● **Exercise objective**
Copy the data that follows, character for character, minus the pictures.

● **Material provided**
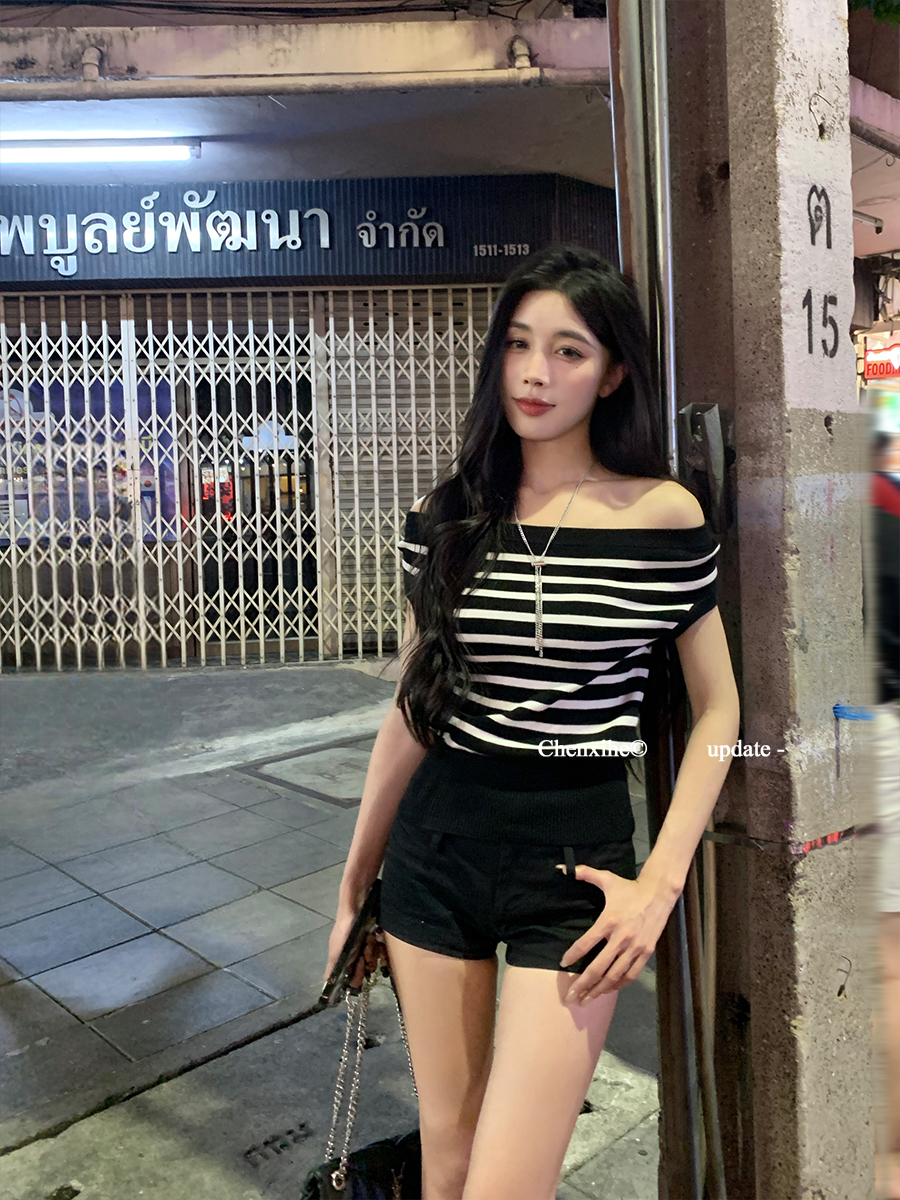 25032105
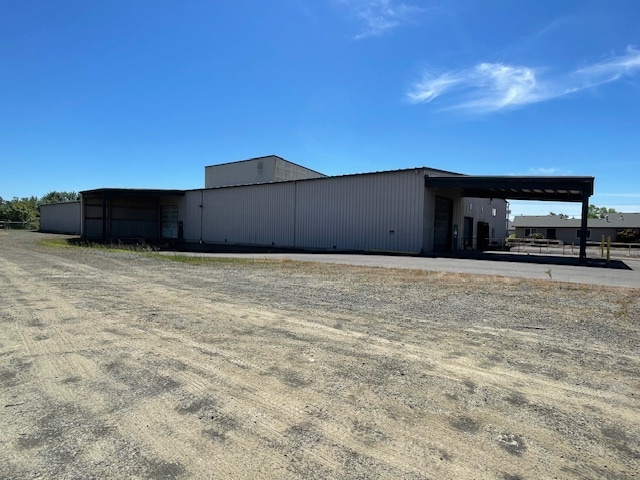 33095 Highway 99E, Tangent, OR for lease - Building Photo - Image 3 of 27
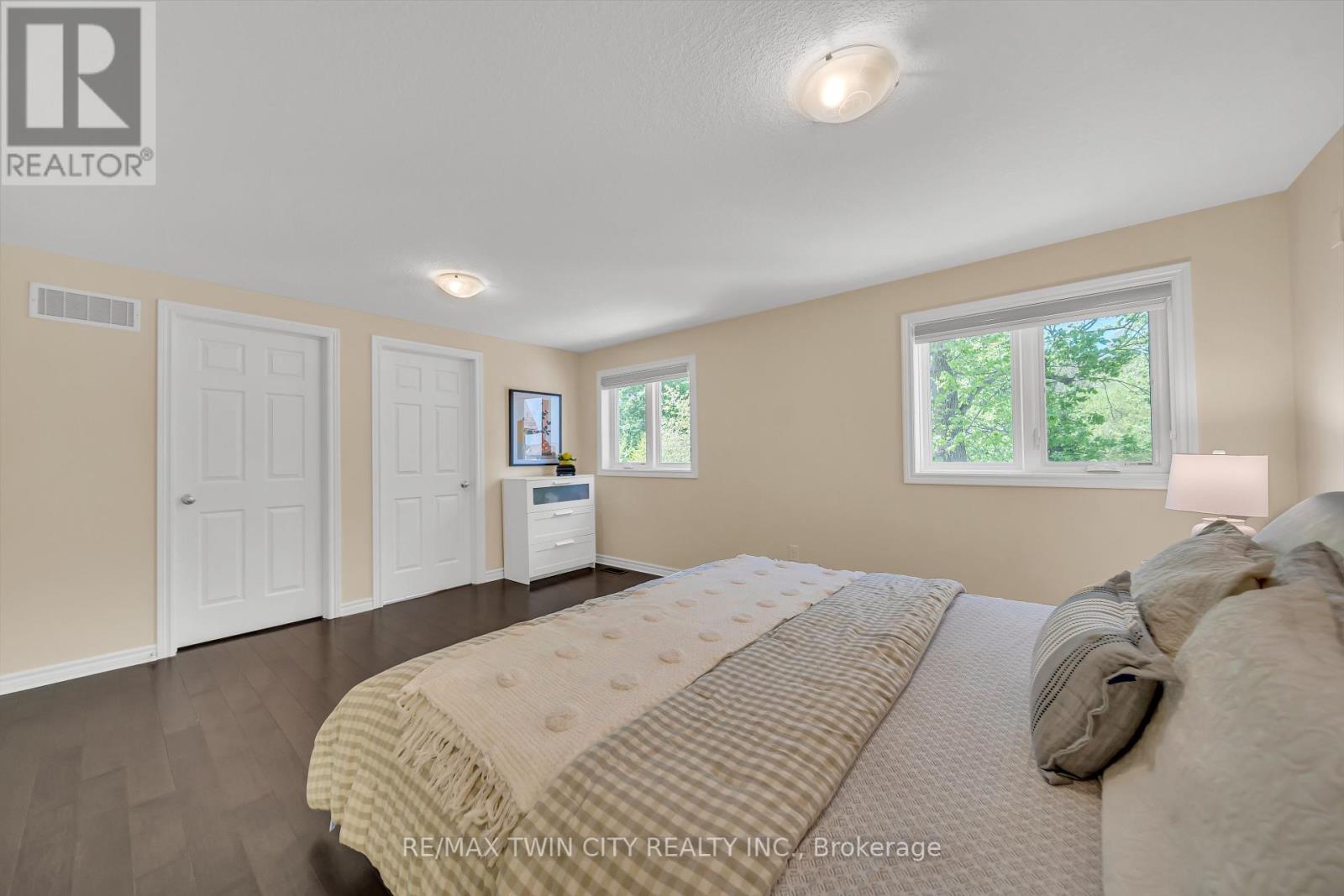 437 Zeller Drive, Kitchener, Ontario  N2A 4M4 - Photo 16 - X12162839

● **Task response**
 25032105
 33095 Highway 99E, Tangent, OR for lease - Building Photo - Image 3 of 27
 437 Zeller Drive, Kitchener, Ontario  N2A 4M4 - Photo 16 - X12162839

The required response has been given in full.